Nate Parker Gets Emotional After His Latest Film Is Hit With Bad Reviews

The actor/director’s attempt at a comeback following rape scandal is falling flat.

Nate Parker is attempting a comeback after catastrophically falling from grace three years ago, just ahead of the release of his Sundance hit Birth Of A Nation. At the time, resurfaced rape allegations and his handling of them all but sunk his promising directing career. Now, the actor and filmmaker is back on the festival circuit with a new offering, a film called American Skin. And, it turns out, critics aren’t being as kind to this one as they were to Birth Of A Nation.
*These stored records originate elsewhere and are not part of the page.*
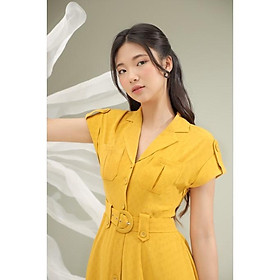 Đầm sơ mi cúc trước cách điệu chất liệu cotton linen may hai lớp CLARA MARE Colourful Shirtwaist Dress DRE4001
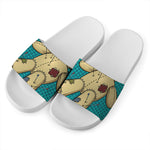 Voodoo Doll Print White Slide Sandals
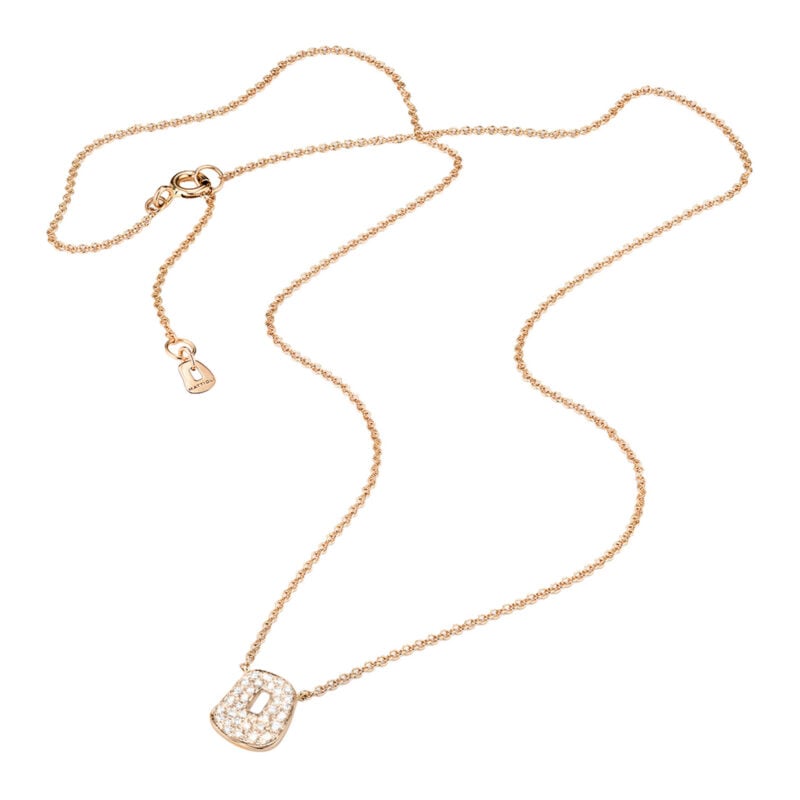 Ciondolo Puzzle Mini oro rosa e pavé di diamanti bianchi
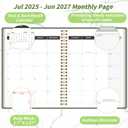 Monthly Planner 2025-2027, July 2025 - June 2027, 2 Year Calendar 2025-2027 Monthly Planner, 7.5" x 10", 24 month Calendar With Goals To Do List, Habit Tracker Suitable for Schools & Offices & Home, Green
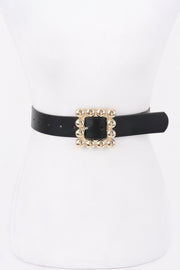 Metal Square Buckle Pu Belt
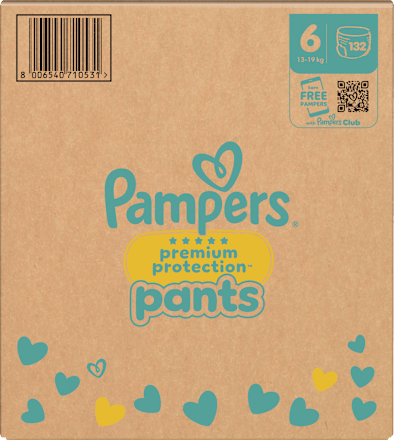 Baby Pants Premium Protection Maat 6 Extra Large (13-19 kg), maandelijkse doos, 132 stuks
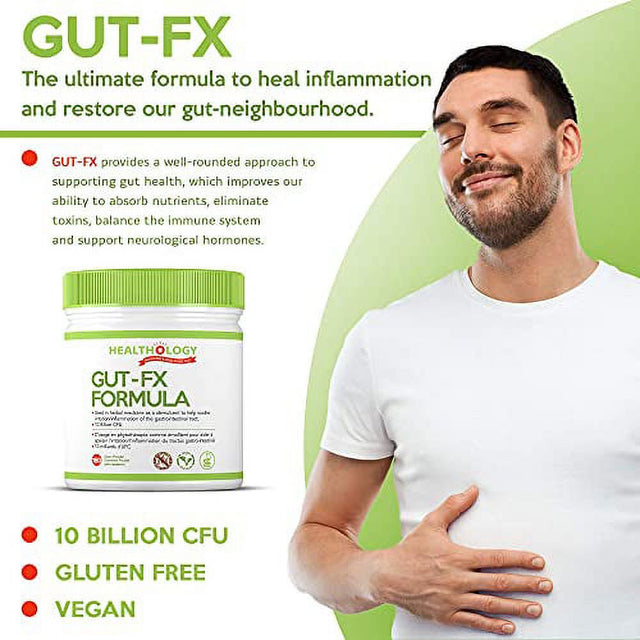 Healthology GUT-FX | Gut Supplement | Helps Repair Leaky Gut, Reduces Inflammation in the Digestive Tract & Relieves Bloating | Contains Probiotics, L-Glutamine, Marshmallow Root |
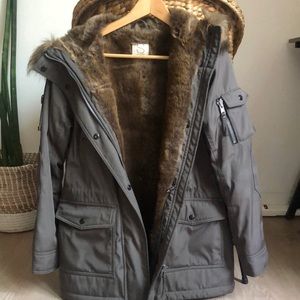 S13 NYC Faux Fur-Trim Hooded Parka, Green, XS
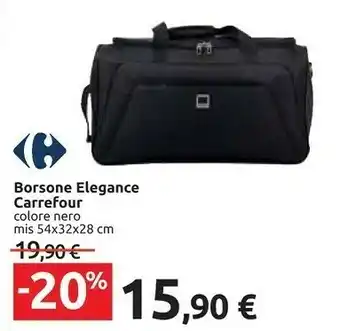 Borsone Elegance Carrefour Colore Nero Mis 54x32x28 Cm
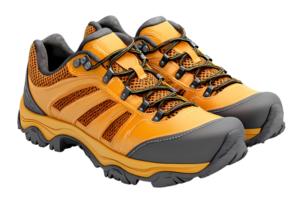 an orange and gray hiking shoe on a transparent background png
IndieWire’s David Ehrlich described American Skin as a “terrible comeback” and “a clumsy found-footage political drama” that “is so bad that [Parker] deserves to be canceled on artistic grounds alone,” while Screen Daily panned, “Parker confuses overheated, earnest banality for unfiltered truth.” The film also currently has a 14 percent rating on Rotten Tomatoes.

During a press conference at the Deauville Film Festival in France, Nate Parker addressed his critics over his latest film, American Skin.

“I don't care what they say about me, what they think about me, I don't care. I'm gonna make art for our children's children,” he said during the press conference, according to The Hollywood Reporter. “My only job as an artist is to reflect. Sometimes that reflection isn't an image people want to see, but I'm an artist so I try to stay away.” 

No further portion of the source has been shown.